Within months of the book's appearance, however, a battle raged over Mr. Bellesiles's scholarship. It ended last week when a distinguished panel of scholars declared the work "unprofessional and misleading," and Mr. Bellesiles resigned from Emory University.
From the start, the Bellesiles battle was portrayed as the usual one--between right-wing gun owners and left-wing gun regulators. But to look at "Arming America" that way is to miss the real divide.
Yes, the spokesmen for the opposing interest groups threw themselves into the fray. But soon the real split became one within academia. It pitted those who cared about scholarly integrity against those who were happy to ignore, or promote, Mr. Bellesiles's shoddy, perhaps fraudulent, work if it helped their political agenda.
Which gets us back to the letter sent to the NRA before "Arming America" was published. Mr. Bellesiles (himself a signatory) always claimed that his book wasn't political. But the letter suggests otherwise. Clearly his fellow scholars on the left saw "Arming America" as the best thing to happen to their cause in years.
At least three signers would write glowing reviews of "Arming America." Five others would pen laudatory blurbs for its jacket, with one of them, Michael Zuckerman of the University of Pennsylvania, gleefully describing Mr. Bellesiles as the "NRA's worst nightmare." Yet another would sit on the committee that gave Mr. Bellesiles the prestigious Bancroft Prize.
Even as this troop was singing his praises, another group of scholars--Jim Lindgren of Northwestern, Gloria Main of the University of Colorado, Randolph Roth of Ohio State, Robert Churchill of the University of Hartford, and many more--were scratching their heads. None had a particular stake in the gun-control debate, but all were experts in the historical detail on which Mr. Bellesiles based his research--probate records, militia counts, homicide rates. They noted many things amiss in "Arming America"--facts, not interpretations.
These scholars produced a mountain of evidence showing the book to be irredeemably flawed. Their reward for taking scholarship seriously was to be largely ignored, or even chastised, by many of those Second Amendment scholars who so desperately wanted Mr. Bellesiles's work to be right.

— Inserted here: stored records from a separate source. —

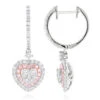 Unique Luxurman Drop Earrings White & Pink Diamond Heart Earrings 14K White Gold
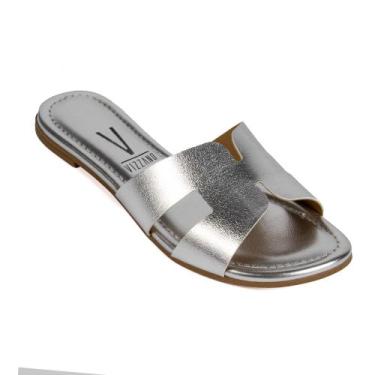 Imagem de Sandália Rasteirinha Vizzano Feminina Brilho Original 6371, Prata, 37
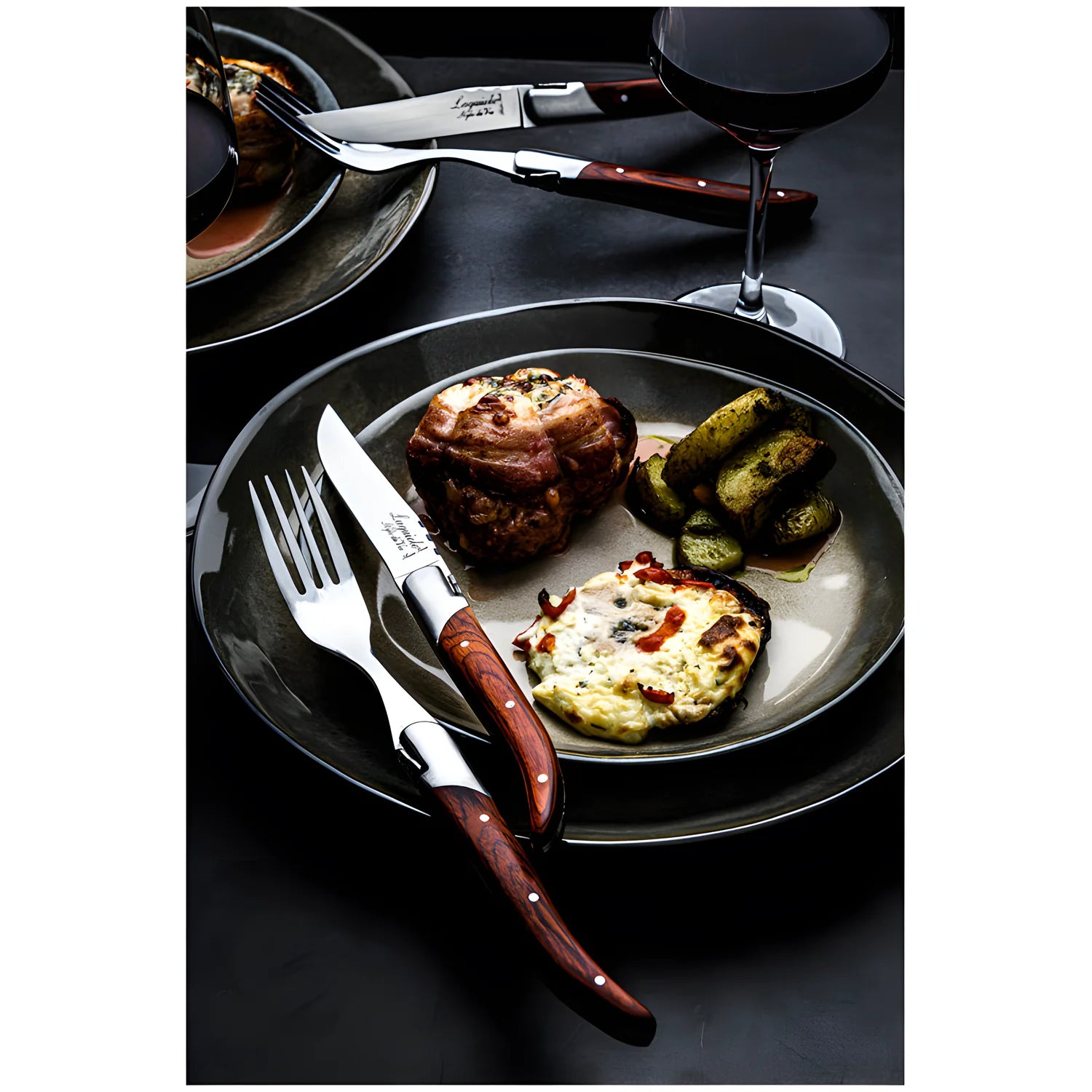 Laguiole Style Set 6 coltelli da bistecca "Luxury Line" i impugnatura in pakkawood rose lama cm 10,5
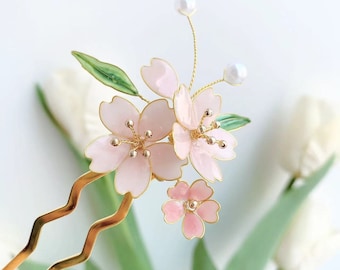 Handmade Japanese Kanzashi hairpin,Sakura Cherry Blossom Hairpin,Bridal Hairpin,anime accessories,Hanfu Hair Accessoriess,cosplay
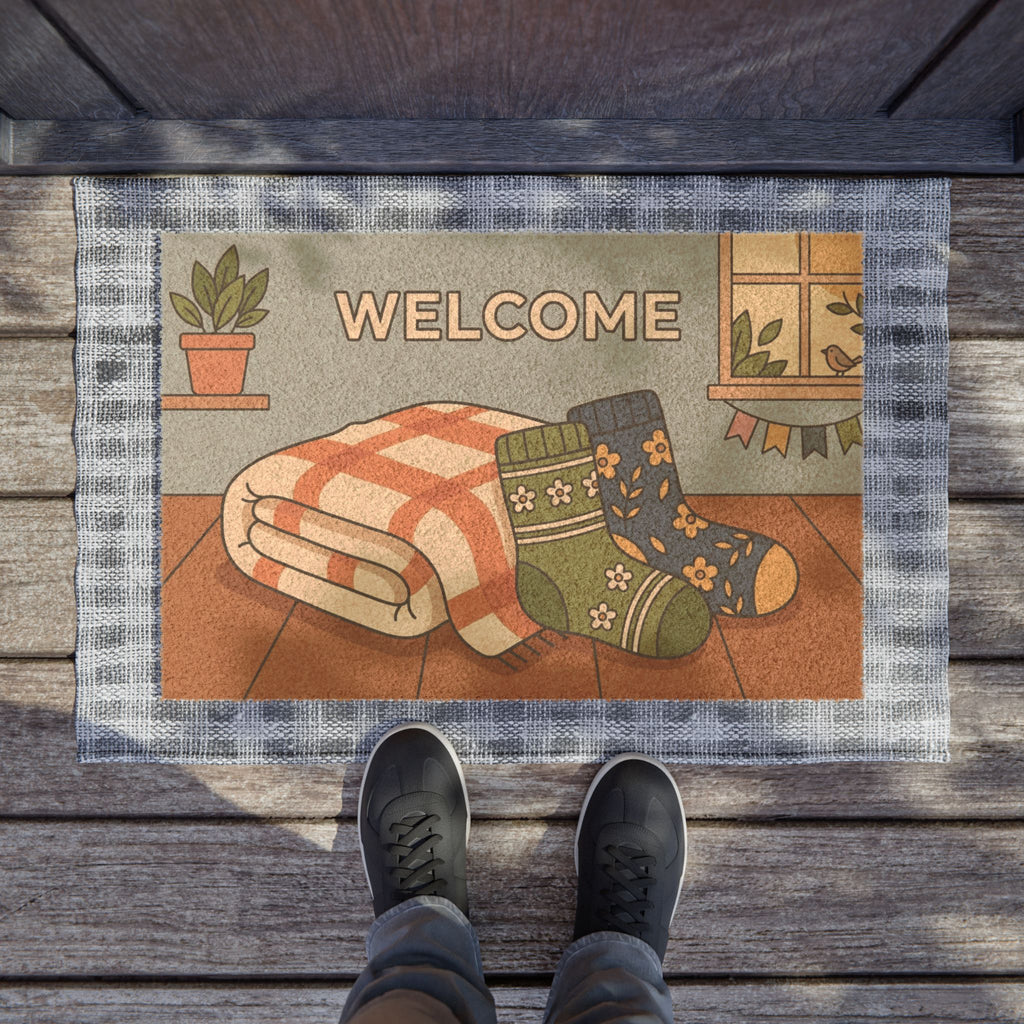 Cozy Spring Socks Welcome Mat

Mr. Zuckerman was quoted in The Nation just this month saying that "the critics are casting about for a way to discredit" Mr. Bellesiles. Mary Beth Norton of Cornell (a letter signer) claimed in the same piece that Mr. Bellesiles's work was "just as plausible" as that of his critics. When I called to ask what she thought of the panel's findings, she said she had "no time to have this conversation."
When the William and Mary Quarterly asked four scholars to evaluate "Arming America," three wrote damning reviews. The fourth, Stanford's Jack Rakove (who also signed the letter to the NRA), chose to look not at the book's accuracy but at what the thesis meant for the Second Amendment. In a phone interview, he still maintains that the book, while flawed, "raises interesting questions." Other scholars disappeared. Garry Wills, a letter signer who wrote a glowing review of "Arming America" for the New York Times Book Review, has yet to publicly set the record straight. Ditto Carl T. Bogus (another signer) who wrote two laudatory reviews.
There are, of course, some exceptions. One of the signers of the letter, Stanley Katz of Princeton, ultimately sat on the panel that rendered its judgment last week. Another, Saul Cornell at Ohio State, told me that "the committee did a thorough job. Michael has had a chance to respond, and their criticism is very persuasive."
I know that others voiced their support for getting to the bottom of the affair--who put professional integrity above personal cause. Let's hope we will hear from them soon, now that the facts are in. Maybe they can all sign another letter, this time condemning the "NRA's nightmare" not the NRA.